Background Previous research has established health professionals as secondary victims of medical error, with the identification of a range of emotional and psychological repercussions that may occur as a result of involvement in error.2 ,3 Due to the vast range of emotional and psychological outcomes, research to date has been inconsistent in the variables measured and tools used. Therefore, differing conclusions have been drawn as to the nature of the impact of error on professionals and the subsequent repercussions for their team, patients and healthcare institution. A systematic review was conducted.
Methods Data sources were identified using database searches, with additional reference and hand searching. Eligibility criteria were applied to all studies identified, resulting in a total of 24 included studies. Quality assessment was conducted with the included studies using a tool that was developed as part of this research, but due to the limited number and diverse nature of studies, no exclusions were made on this basis.

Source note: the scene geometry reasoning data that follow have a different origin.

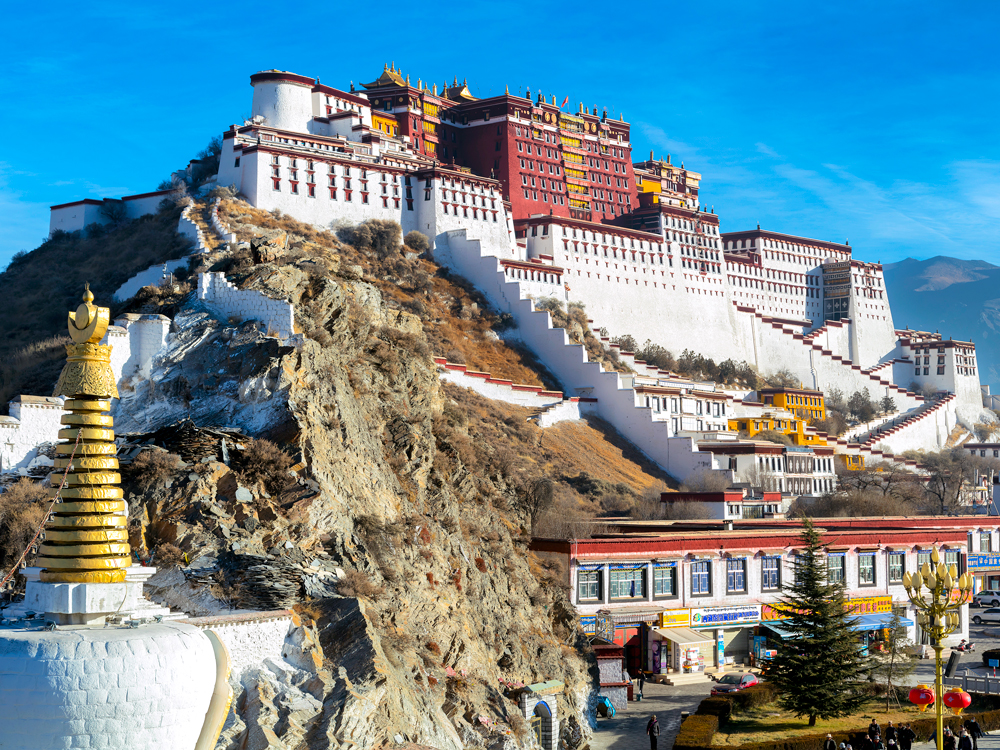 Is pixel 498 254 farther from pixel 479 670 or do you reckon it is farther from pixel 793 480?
pixel 479 670

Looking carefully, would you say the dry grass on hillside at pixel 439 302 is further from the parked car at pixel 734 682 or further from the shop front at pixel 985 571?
the parked car at pixel 734 682

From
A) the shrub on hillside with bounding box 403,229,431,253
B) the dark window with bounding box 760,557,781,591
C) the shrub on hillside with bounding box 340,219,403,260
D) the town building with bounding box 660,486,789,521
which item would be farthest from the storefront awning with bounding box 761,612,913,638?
the shrub on hillside with bounding box 403,229,431,253

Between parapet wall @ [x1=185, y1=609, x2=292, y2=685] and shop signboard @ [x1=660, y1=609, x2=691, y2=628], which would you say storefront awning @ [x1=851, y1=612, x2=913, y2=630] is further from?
parapet wall @ [x1=185, y1=609, x2=292, y2=685]

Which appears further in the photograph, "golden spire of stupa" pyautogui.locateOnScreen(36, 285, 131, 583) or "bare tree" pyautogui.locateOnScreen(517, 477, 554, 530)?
"bare tree" pyautogui.locateOnScreen(517, 477, 554, 530)

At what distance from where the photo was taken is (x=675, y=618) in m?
35.1

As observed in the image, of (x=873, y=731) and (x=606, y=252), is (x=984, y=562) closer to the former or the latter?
(x=873, y=731)

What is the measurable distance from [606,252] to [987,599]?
40216 millimetres

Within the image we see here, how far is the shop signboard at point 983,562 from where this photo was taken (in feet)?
165

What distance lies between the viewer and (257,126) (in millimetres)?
69062

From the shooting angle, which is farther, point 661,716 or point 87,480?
point 661,716

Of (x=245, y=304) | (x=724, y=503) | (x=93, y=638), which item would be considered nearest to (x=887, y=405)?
(x=724, y=503)

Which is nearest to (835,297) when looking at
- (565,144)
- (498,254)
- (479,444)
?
(565,144)

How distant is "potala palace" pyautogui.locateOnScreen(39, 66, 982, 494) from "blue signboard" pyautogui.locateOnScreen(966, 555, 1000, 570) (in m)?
15.1

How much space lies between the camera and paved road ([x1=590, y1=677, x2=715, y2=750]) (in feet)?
86.6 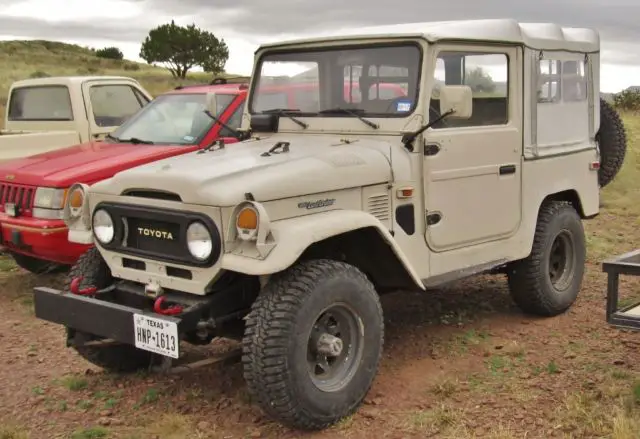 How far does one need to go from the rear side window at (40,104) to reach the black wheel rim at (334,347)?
216 inches

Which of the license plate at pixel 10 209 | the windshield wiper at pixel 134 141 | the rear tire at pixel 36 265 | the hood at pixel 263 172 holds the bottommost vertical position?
the rear tire at pixel 36 265

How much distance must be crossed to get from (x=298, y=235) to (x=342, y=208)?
0.56 m

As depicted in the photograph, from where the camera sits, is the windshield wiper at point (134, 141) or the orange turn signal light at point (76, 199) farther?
the windshield wiper at point (134, 141)

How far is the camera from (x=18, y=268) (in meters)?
7.96

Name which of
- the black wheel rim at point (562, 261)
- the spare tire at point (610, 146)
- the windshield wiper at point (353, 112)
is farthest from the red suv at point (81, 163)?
the spare tire at point (610, 146)

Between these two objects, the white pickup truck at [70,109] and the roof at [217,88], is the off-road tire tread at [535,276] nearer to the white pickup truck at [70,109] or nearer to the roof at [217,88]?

Results Review findings suggest that there is consistent evidence for the widespread impact of medical error on health professionals. Psychological repercussions may include negative states such as shame, self-doubt, anxiety and guilt. Despite much attention devoted to the assessment of negative outcomes, the potential for positive outcomes resulting from error also became apparent, with increased assertiveness, confidence and improved colleague relationships reported.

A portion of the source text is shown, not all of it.